Leader of the Opposition Bharrat Jagdeo, who was recently added as a party to the case, called on the court to strike out Reid’s application. Jagdeo is represented by Attorney Anil Nandlall and team. According to Jagdeo, Reid’s application does not disclose any reasonable ground for bringing the claim; it is an abuse of the process of the court, it is scandalous, frivolous and vexatious and the proceedings fly in the face of the constitution.
“It cannot be disputed that the second-named respondent was elected to sit in the National Assembly pursuant to elections held under Articles 60 and 160 of the constitution as referred to by Article 163 (5) of the constitution. It is submitted that Parliament has indeed made provisions to which Article 163 (4) of the constitution makes reference. That provision manifests itself in the form of the National Assembly (Validity of Elections) Act and National Assembly (Validity) of Elections Rules.
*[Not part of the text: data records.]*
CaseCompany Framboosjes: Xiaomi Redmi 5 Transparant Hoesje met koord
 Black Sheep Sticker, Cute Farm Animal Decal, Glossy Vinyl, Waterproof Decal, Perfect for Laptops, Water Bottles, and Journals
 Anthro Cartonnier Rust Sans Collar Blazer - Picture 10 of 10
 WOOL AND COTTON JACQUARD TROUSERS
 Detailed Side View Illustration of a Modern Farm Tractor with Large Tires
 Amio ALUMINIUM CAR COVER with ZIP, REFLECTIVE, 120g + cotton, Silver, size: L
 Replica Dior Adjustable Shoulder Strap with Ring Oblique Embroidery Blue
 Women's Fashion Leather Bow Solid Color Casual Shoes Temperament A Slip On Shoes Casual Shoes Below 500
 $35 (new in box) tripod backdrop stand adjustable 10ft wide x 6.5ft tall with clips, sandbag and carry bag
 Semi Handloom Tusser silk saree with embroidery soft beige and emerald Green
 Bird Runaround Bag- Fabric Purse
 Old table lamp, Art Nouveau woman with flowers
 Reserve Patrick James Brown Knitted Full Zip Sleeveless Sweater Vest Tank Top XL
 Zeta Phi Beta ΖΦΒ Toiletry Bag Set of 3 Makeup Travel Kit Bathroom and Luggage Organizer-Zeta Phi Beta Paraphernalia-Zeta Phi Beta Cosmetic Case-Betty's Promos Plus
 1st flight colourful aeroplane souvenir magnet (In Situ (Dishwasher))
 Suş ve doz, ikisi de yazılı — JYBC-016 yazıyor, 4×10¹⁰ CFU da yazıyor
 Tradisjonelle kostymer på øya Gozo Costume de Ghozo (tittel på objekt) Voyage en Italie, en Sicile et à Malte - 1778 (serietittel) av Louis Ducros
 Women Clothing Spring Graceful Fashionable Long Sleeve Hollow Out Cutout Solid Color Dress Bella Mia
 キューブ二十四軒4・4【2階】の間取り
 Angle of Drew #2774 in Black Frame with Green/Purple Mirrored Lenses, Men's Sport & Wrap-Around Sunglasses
“It is further submitted that this honourable court’s jurisdiction to determine any question regarding the qualification of any member of the National Assembly can only be done in the manner prescribed by Article 163 of the constitution, that is to say, in accordance with the National Assembly (Validity of Elections) Act and the accompanying rules,” Nandlall argued on behalf of his client.

But the attorney general, though being a respondent in the matter, endorsed the positions outlined by Reid and his lawyers. “We are completely in agreement with and adopt the arguments advanced by Counsel for the Applicant Compton Herbert Reid with regard to Mr. Charrandass Persaud’s eligibility to vote on Resolution 101,” the Attorney General Basil Williams stated in his submissions on Friday. He, like Senior Counsel McKay and associates, is arguing that the court has jurisdiction to hear the case.

“This is not an election Petition as contemplated by Section Three of the National Assembly Validation of Elections Act Chapter 1:04. As such, it is not hinged to the time stringencies of Section Five of that Act,” the Attorney General explained through his attorney Maxwell Edwards.

On the basis that Persaud, while a Member of Parliament held dual citizenship status, Williams put to the court that resolution 101 cannot survive the unlawful vote of the Canadian Citizen.

“According to the Speaker’s certification, resolution 101 was passed by a one- vote margin. It is obvious therefore that when Mr. Persaud’s unlawful vote is removed from the tally, the motion could not pass,” Edwards put to the court.

He added: “The framers of the constitution took the issue of unlawful voting seriously. I believe it is the only issue where the framers have included a specific penalty for noncompliance.”

Article 58 (1) states: “Any person who sits or votes in the National Assembly, knowing or having reasonable ground for knowing that he or she is not entitled to do so, shall be liable to a penalty of $50.00 dollars for each day upon which he or she sits or votes.”